WHAT THIS TASK INVOLVES →
Everything from the line containing "Подержанный автомобиль Infiniti" through the line containing "salvador, bahia, brésil" in the listing below should be copied exactly, and nothing more.

DATA SECTION →
^^^^

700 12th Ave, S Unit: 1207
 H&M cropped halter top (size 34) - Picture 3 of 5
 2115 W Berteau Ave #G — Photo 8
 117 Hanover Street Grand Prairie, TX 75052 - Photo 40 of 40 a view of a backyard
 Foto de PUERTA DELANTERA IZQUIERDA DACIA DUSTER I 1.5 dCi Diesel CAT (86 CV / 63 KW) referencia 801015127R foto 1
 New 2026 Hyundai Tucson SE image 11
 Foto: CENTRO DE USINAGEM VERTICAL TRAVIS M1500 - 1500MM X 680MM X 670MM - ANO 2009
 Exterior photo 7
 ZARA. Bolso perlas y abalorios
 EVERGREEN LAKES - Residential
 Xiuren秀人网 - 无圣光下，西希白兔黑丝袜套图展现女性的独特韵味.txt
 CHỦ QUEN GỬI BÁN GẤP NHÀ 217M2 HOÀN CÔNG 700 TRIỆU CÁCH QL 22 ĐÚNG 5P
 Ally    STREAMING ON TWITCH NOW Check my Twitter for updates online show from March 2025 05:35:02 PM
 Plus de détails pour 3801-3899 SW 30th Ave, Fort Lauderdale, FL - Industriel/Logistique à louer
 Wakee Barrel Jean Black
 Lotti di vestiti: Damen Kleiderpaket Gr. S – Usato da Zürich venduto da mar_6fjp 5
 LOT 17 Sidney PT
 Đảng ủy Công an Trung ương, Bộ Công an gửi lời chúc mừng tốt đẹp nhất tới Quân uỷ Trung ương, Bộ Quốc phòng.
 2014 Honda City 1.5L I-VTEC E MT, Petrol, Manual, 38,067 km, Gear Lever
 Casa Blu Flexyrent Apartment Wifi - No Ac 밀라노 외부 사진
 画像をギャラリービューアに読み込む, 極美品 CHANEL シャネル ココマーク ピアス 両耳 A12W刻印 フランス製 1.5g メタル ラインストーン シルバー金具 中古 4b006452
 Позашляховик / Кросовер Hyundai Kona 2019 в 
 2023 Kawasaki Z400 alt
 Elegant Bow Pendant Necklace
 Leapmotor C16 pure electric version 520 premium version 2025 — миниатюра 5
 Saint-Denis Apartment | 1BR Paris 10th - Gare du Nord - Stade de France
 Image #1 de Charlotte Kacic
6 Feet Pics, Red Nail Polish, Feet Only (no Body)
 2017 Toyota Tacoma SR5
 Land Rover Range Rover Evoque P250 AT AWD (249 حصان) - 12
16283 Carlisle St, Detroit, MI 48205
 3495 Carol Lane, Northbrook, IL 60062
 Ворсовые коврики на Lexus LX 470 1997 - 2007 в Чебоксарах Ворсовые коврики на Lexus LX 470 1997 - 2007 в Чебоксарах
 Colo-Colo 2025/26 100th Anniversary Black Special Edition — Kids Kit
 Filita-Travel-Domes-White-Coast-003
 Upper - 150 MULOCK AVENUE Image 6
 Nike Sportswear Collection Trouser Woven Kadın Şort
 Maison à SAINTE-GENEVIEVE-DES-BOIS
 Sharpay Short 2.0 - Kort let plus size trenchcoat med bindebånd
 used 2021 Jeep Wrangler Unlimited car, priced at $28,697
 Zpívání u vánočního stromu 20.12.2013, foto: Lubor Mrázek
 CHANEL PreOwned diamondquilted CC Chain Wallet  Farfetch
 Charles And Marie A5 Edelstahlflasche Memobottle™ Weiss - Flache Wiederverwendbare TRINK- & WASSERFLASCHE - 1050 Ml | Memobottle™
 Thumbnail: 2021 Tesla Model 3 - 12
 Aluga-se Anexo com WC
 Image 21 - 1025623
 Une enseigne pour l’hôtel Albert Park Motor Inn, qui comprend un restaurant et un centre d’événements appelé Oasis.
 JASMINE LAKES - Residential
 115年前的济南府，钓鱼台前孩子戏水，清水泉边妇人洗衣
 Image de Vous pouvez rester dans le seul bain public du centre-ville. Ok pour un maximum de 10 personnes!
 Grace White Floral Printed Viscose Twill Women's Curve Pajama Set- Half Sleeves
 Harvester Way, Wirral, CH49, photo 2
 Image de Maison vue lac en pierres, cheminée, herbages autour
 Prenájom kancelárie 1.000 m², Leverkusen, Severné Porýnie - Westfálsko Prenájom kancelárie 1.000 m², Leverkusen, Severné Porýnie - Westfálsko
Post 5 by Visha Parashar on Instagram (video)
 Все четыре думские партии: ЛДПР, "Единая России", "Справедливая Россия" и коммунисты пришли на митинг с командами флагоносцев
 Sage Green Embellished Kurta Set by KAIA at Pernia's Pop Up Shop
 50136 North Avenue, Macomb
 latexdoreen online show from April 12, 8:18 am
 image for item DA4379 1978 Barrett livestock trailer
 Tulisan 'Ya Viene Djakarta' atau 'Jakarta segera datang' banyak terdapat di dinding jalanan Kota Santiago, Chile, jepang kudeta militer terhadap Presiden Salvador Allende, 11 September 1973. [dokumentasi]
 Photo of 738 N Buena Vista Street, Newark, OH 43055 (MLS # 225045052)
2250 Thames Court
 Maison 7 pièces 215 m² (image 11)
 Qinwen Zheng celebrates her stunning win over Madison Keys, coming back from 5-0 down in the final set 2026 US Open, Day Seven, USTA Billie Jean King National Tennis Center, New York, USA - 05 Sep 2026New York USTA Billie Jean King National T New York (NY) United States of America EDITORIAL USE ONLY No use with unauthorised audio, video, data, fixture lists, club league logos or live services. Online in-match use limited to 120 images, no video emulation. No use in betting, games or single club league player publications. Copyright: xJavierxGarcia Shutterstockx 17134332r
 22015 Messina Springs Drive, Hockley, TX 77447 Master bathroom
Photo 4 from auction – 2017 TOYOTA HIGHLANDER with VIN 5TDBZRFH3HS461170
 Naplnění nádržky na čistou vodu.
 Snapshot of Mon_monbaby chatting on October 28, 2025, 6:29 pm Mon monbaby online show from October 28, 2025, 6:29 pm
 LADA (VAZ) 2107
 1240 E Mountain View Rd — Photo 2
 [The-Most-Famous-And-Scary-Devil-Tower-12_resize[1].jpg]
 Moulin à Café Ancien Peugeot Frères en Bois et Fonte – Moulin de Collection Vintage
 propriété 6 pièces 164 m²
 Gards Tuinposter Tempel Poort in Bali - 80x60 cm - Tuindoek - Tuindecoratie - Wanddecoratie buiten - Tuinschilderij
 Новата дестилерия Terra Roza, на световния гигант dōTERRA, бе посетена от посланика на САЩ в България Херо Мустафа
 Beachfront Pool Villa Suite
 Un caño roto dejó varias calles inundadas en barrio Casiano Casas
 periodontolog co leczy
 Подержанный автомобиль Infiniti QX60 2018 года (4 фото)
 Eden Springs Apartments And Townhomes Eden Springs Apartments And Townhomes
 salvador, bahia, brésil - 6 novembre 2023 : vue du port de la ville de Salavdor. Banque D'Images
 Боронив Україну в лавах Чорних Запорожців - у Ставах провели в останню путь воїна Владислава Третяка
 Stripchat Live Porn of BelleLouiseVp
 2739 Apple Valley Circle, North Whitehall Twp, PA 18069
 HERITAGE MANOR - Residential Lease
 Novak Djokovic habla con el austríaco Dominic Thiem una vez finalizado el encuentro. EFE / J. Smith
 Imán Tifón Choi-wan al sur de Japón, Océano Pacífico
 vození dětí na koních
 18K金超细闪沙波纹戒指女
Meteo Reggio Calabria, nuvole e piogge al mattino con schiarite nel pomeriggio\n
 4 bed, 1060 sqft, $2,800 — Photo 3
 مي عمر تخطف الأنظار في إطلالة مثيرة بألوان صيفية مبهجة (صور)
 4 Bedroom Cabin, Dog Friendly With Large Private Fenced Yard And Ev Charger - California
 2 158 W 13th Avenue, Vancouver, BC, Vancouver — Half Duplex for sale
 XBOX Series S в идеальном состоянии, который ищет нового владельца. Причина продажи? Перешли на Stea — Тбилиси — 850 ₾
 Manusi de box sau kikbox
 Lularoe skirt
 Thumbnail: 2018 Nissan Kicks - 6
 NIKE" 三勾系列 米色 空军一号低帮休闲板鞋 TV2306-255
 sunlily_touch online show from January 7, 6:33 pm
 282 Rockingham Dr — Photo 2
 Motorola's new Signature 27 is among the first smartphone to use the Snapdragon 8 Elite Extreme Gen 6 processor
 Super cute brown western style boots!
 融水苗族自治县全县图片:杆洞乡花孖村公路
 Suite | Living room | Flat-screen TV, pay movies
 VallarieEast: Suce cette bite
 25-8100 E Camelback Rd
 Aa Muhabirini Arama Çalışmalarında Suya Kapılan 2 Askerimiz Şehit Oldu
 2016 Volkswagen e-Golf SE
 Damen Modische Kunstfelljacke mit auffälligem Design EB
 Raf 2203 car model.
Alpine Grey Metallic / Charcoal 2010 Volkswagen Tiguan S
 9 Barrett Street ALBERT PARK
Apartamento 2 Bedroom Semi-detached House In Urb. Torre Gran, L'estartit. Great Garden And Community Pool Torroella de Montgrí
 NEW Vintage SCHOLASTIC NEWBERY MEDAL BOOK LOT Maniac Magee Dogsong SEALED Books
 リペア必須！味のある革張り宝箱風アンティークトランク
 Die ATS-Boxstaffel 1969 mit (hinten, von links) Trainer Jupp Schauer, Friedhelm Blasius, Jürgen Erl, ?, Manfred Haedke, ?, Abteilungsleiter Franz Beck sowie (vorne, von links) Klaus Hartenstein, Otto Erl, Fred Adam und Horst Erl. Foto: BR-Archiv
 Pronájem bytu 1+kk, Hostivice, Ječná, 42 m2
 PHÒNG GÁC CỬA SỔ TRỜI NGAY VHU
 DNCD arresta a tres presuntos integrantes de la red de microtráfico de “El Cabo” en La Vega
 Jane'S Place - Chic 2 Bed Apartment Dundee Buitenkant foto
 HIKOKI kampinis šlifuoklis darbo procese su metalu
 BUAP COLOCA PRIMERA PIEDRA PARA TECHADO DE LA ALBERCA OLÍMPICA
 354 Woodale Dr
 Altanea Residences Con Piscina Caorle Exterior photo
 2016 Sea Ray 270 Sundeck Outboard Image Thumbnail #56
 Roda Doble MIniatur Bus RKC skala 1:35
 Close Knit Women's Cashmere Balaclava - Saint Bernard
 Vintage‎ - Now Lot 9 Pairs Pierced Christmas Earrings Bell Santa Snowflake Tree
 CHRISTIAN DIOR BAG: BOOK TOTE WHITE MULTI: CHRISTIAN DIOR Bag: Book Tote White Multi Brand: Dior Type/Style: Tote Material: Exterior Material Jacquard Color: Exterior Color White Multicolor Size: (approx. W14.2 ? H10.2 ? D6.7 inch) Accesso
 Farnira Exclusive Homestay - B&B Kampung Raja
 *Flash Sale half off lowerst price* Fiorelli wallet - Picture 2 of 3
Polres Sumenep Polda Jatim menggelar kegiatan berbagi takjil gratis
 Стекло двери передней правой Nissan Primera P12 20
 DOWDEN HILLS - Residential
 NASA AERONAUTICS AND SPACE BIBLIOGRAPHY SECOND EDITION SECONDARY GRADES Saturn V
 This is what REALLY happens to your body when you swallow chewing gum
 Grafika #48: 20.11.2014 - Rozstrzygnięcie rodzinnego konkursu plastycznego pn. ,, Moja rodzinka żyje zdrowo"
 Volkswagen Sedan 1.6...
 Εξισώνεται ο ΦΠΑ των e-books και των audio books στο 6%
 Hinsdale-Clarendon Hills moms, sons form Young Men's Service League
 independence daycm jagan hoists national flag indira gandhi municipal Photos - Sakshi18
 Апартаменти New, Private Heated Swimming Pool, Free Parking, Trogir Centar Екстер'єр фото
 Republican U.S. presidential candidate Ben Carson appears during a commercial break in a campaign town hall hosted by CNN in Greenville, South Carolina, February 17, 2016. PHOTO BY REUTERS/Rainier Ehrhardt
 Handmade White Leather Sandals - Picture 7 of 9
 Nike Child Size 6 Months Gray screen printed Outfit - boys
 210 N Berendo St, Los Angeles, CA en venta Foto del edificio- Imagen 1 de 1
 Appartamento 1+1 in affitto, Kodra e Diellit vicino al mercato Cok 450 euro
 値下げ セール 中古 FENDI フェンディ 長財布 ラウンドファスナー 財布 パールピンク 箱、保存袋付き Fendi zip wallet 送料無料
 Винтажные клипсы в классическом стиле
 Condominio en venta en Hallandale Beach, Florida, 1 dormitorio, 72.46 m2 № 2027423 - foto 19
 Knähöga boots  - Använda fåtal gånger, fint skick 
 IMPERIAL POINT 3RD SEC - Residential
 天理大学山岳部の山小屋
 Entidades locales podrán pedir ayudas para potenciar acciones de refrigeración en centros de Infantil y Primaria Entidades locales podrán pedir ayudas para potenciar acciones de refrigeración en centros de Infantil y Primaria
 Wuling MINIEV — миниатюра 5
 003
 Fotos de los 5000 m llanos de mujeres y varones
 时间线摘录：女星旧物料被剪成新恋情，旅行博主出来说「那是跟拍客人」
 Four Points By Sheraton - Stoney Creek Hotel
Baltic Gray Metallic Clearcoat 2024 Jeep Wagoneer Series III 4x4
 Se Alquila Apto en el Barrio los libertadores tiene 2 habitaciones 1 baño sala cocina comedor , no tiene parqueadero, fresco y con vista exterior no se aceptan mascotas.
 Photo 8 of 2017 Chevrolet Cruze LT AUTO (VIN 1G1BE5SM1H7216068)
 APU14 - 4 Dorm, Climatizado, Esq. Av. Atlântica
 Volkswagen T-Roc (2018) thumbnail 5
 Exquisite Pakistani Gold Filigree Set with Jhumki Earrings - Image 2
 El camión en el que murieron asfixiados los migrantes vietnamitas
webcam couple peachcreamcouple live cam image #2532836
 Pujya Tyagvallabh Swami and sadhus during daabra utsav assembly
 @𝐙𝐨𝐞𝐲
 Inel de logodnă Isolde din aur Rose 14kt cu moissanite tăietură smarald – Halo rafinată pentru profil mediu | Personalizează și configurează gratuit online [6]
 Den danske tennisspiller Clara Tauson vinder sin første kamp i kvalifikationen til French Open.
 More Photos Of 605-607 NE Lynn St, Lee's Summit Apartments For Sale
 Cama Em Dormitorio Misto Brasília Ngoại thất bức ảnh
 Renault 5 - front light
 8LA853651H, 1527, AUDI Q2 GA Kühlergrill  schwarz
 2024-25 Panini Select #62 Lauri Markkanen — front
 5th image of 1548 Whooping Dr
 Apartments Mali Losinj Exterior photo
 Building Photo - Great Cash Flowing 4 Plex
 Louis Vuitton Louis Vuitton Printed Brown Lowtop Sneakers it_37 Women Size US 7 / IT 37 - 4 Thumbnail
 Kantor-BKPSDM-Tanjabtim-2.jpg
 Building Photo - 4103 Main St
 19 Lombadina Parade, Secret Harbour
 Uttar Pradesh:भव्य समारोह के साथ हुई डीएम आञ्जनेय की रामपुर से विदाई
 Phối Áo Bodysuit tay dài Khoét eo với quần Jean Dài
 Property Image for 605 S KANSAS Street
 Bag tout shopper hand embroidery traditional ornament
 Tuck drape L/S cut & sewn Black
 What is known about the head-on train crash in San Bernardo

^^^^

SOLUTION TO THE EXERCISE →
 Подержанный автомобиль Infiniti QX60 2018 года (4 фото)
 Eden Springs Apartments And Townhomes Eden Springs Apartments And Townhomes
 salvador, bahia, brésil - 6 novembre 2023 : vue du port de la ville de Salavdor. Banque D'Images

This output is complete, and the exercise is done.